The Lunatic Express rides again

President Uhuru Kenyatta flies the flag as a cargo train leaves the Mombasa container terminal for its inaugural journey to Nairobi. The new line is expected to invigorate Kenya’s economy by making trade easier and cheaper. (Tony Karumba/AFP)

President Uhuru Kenyatta flies the flag as a cargo train leaves the Mombasa container terminal for its inaugural journey to Nairobi. The new line is expected to invigorate Kenya’s economy by making trade easier and cheaper. (Tony Karumba/AFP)

In 1895, in a fit of colonial hubris, construction began on a railway line that would link the port of Mombasa with the rest of British East Africa. Infamously, critics in London dismissed the project as “naught but a lunatic line”, and they weren’t far wrong.

Its completion, six years later, was an engineering and logistical miracle. At vast expense and at great human cost, the tracks were forced through uncharted desert and over the sheerest precipices.
Workers had to contend with dire working conditions, disease, occasional bouts of conflict with locals and even a pair of man-eating lions.

The line was finished in 1901, and ever since then the “Lunatic Express” has been a vital — if never especially reliable — artery for East African trade. But in recent years, that artery has become increasingly clogged, which is why Kenya decided it needed to build a new one.

It was significantly easier this time around. China stumped up more than 80% of the $3.2‑billion total cost, and Chinese firms took just three years to complete construction. Their influence is evident on board the trains that operate on the new line, with cabin attendants who can communicate in English, Swahili and Mandarin.

The new railway is built on standard gauge tracks, which are wider than the old ones, meaning that the new trains can travel faster and carry much heavier loads.

On Wednesday, the new Lunatic Express set out on its maiden voyage from Mombasa to Nairobi, the capital city (which, incidentally, began life as a depot during the construction of the old line).

It traversed 475km of shiny new track and carried a full complement of 1 200 passengers.
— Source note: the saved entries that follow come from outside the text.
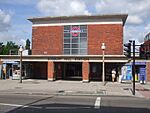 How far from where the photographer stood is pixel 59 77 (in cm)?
4703

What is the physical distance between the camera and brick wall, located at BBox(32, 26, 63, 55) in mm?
48344

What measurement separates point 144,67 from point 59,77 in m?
12.4

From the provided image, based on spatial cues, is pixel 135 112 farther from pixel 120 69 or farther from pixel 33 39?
pixel 33 39

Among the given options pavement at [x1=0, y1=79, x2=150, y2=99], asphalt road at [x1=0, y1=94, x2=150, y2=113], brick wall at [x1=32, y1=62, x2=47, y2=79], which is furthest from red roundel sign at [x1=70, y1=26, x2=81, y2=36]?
asphalt road at [x1=0, y1=94, x2=150, y2=113]

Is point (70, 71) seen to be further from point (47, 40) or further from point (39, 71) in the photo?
point (47, 40)

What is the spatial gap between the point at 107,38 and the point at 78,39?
4148 millimetres

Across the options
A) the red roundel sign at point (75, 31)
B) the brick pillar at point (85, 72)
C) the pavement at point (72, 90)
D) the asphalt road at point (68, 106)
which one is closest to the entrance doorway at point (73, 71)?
the red roundel sign at point (75, 31)

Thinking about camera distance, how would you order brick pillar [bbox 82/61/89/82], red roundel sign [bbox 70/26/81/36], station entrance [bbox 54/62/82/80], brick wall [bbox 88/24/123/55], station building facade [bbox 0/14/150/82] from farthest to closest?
station entrance [bbox 54/62/82/80] → red roundel sign [bbox 70/26/81/36] → brick wall [bbox 88/24/123/55] → station building facade [bbox 0/14/150/82] → brick pillar [bbox 82/61/89/82]

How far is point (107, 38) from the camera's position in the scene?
46.3 meters

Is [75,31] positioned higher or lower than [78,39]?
higher

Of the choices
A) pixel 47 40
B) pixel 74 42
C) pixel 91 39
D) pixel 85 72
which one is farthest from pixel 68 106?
pixel 47 40

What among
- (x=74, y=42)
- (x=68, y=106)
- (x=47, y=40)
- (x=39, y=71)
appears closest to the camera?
(x=68, y=106)

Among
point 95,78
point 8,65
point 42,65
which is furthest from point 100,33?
point 8,65

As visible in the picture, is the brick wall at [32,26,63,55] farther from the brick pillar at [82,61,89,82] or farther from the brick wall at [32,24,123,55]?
the brick pillar at [82,61,89,82] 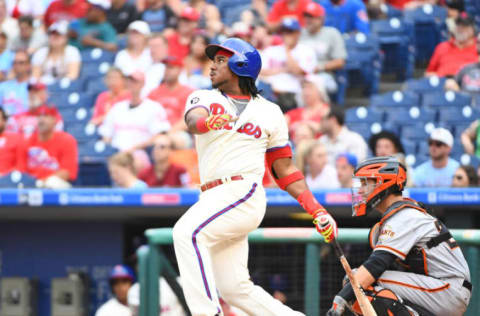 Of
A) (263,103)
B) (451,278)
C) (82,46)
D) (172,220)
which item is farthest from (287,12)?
(451,278)

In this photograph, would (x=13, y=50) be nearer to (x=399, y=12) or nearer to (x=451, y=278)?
(x=399, y=12)

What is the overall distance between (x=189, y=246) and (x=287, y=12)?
5.64 metres

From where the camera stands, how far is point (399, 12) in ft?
31.3

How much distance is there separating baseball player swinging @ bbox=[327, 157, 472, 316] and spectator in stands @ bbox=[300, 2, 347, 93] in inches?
183

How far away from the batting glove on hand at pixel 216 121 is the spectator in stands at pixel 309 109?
387 cm

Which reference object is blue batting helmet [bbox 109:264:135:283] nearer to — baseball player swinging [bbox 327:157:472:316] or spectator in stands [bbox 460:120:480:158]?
spectator in stands [bbox 460:120:480:158]

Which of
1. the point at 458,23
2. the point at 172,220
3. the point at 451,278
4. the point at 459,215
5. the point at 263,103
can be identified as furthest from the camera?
the point at 458,23

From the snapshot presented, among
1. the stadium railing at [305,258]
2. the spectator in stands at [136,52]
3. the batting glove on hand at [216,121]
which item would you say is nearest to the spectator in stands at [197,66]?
the spectator in stands at [136,52]

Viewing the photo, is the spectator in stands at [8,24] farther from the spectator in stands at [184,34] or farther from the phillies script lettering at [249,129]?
the phillies script lettering at [249,129]

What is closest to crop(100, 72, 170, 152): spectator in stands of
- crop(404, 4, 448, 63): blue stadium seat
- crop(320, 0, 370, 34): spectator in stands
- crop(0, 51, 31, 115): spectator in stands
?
crop(0, 51, 31, 115): spectator in stands

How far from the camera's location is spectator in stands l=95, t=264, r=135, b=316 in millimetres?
6918

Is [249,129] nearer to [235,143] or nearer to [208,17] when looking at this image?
[235,143]

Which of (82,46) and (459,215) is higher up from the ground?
(82,46)

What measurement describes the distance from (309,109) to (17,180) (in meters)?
2.49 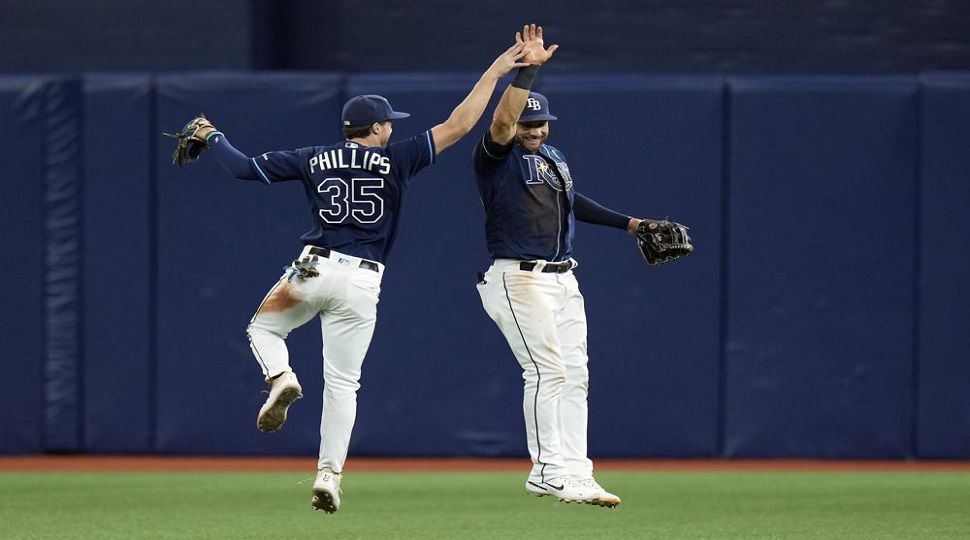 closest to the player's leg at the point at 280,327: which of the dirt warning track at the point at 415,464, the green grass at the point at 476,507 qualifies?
the green grass at the point at 476,507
When it’s running on a normal schedule, the journey time between the two cities will more than halve, taking less than five hours. The trip will cost 700 Kenyan shillings (R89) in economy class.

In another milestone, the train was driven by two Kenyan women — the country’s first female train drivers.
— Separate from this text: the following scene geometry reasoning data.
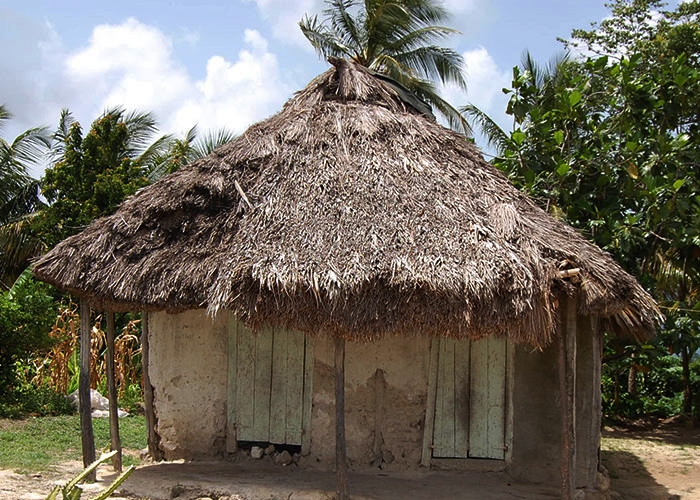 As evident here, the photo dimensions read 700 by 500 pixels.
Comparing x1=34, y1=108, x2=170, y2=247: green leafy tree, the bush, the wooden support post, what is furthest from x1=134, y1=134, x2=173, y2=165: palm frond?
the wooden support post

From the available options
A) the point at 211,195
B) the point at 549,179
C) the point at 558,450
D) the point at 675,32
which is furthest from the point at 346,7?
the point at 558,450

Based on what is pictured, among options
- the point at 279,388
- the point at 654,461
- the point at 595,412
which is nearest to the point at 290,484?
the point at 279,388

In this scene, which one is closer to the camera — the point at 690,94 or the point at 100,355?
the point at 690,94

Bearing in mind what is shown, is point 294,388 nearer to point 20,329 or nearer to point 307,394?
point 307,394

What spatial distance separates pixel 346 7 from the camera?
18047mm

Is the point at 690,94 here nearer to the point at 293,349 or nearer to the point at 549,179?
the point at 549,179

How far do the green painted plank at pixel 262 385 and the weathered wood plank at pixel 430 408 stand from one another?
1602mm

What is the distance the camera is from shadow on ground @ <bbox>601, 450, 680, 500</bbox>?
26.5ft

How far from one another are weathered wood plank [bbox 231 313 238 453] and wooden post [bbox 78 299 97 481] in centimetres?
137

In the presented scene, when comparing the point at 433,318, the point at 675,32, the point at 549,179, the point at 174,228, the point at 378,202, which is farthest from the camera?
the point at 675,32

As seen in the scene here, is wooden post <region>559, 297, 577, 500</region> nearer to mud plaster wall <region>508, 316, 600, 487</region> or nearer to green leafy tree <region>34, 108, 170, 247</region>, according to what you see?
mud plaster wall <region>508, 316, 600, 487</region>

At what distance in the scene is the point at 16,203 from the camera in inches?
733

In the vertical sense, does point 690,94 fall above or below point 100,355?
above

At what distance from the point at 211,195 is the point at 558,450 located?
4135 millimetres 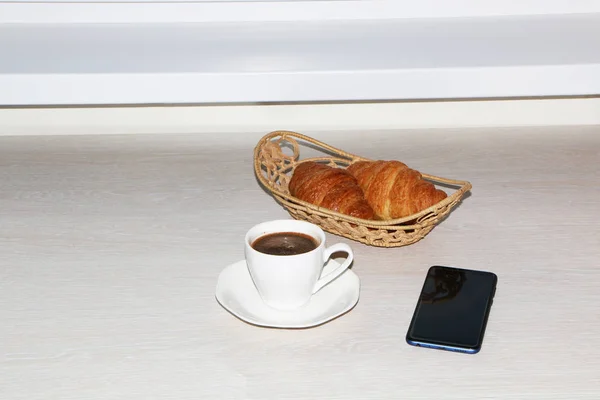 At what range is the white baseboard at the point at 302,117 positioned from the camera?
1555mm

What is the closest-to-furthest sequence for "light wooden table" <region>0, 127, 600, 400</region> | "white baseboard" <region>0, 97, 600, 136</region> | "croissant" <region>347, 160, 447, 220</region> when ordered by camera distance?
"light wooden table" <region>0, 127, 600, 400</region> < "croissant" <region>347, 160, 447, 220</region> < "white baseboard" <region>0, 97, 600, 136</region>

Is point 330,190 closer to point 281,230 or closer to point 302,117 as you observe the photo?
point 281,230

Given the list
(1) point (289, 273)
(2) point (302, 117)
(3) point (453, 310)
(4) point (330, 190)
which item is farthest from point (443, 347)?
(2) point (302, 117)

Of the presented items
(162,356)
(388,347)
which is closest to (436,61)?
(388,347)

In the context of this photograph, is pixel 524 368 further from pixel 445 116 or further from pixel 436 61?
pixel 445 116

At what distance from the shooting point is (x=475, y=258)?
102cm

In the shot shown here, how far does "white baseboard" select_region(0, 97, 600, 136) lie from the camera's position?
61.2 inches

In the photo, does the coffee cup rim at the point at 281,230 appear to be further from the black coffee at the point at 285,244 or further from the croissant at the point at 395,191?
A: the croissant at the point at 395,191

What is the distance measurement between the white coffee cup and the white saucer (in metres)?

Among the passengers was Kenyan President Uhuru Kenyatta, who was visibly excited as he boarded. “Today we celebrate one of the key cornerstones to Kenya’s transformation to an industrialised, prosperous, middle-income country,” he said.

The new railway, coupled with the ongoing expansion of Mombasa’s port, is central to Kenya’s economic growth plans. It is designed to make international trade cheaper and more efficient. And it’s not just Kenya that should benefit: the Mombasa-Nairobi leg is just the first step in the grand East African Railway Master Plan, which will eventually link Kenya with Uganda, Rwanda, Burundi, Ethiopia and South Sudan.
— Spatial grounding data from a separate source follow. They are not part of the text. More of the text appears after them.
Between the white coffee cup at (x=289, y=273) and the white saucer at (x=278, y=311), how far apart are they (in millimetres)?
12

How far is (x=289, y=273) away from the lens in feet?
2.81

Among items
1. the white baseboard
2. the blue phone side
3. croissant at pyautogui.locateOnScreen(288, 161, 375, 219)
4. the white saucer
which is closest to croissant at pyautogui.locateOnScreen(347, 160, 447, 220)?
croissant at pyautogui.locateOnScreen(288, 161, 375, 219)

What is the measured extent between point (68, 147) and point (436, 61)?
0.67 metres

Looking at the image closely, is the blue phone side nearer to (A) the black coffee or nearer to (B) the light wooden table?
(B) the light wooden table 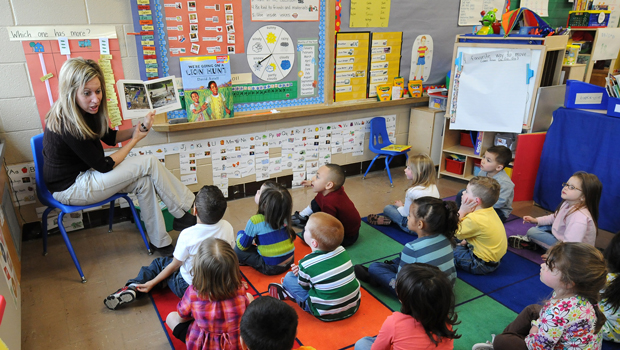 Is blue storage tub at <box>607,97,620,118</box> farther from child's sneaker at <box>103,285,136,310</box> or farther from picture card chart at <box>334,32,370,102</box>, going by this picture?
child's sneaker at <box>103,285,136,310</box>

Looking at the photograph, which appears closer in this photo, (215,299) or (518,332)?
(215,299)

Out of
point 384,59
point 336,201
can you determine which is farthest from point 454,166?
point 336,201

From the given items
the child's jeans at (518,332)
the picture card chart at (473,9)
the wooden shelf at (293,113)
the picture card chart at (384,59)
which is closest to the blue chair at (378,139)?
the wooden shelf at (293,113)

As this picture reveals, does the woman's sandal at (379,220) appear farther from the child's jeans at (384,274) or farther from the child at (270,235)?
the child at (270,235)

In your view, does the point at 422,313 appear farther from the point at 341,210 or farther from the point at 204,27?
the point at 204,27

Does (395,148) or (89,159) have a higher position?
(89,159)

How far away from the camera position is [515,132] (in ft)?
12.7

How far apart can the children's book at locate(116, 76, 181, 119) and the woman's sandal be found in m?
1.74

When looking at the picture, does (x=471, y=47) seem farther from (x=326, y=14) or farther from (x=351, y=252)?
(x=351, y=252)

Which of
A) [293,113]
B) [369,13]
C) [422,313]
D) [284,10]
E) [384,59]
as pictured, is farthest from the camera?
[384,59]

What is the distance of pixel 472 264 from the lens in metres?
2.69

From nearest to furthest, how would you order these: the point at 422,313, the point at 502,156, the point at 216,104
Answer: the point at 422,313, the point at 502,156, the point at 216,104

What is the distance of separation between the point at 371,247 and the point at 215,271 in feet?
5.33

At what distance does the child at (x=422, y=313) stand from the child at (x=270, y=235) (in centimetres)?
104
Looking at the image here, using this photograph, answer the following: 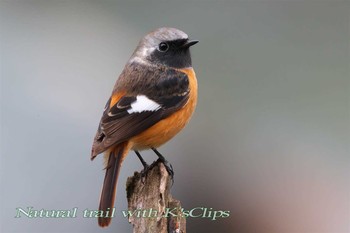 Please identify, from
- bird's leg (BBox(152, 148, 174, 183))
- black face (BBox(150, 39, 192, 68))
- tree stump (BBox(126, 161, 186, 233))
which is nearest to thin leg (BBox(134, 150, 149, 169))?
bird's leg (BBox(152, 148, 174, 183))

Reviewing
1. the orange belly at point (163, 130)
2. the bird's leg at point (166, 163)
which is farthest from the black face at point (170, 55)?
the bird's leg at point (166, 163)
Not everyone is on board. Some critics point to China’s involvement as evidence of a dangerous new colonial influence, and say that Kenya could have negotiated for a better deal. Others observe that the timing of the inaugural journey is very convenient for Kenyatta, who has just officially begun his re-election campaign ahead of the presidential vote in August.

But these quibbles miss the point, suggested influential Kenyan columnist Linus Gitahi. He argues that the potential benefits far outweigh any other concerns. “A single transformative event can shape the destiny of a nation. It can upend convention and leapfrog several developmental stages. The commissioning of the standard gauge railway between Nairobi and Mombasa is one such event … it is full steam ahead, as we race to catch up with countries that realised a long time ago the central role that a railway plays in the development cycle,” Gitahi wrote in the Daily Nation.

Kenya is not the only country catching up. In January, Ethiopia finished building its own new railway. This links the capital, Addis Ababa, to the port in neighbouring Djibouti, which is also being expanded. When fully opened, the line will slash the journey time from three days by truck to just 10 hours.

“I hope it will not be too long before we are able to travel by rail from Djibouti to Dakar and other West African cities,” said Ethiopia’s prime minister, Hailemariam Desalegn.

His dream of a Djibouti-to-Dakar route is a perpendicular echo of Cecil John Rhodes’s famous, unrealised vision of a single, uninterrupted Cape-to-Cairo track.

For now it is just as unrealistic. Although Kenya and Ethiopia are pouring money into rail infrastructure, with other East African countries set to follow, Africa’s other regional communities have no solid plans to start laying down sleepers. Maybe they are the real lunatics.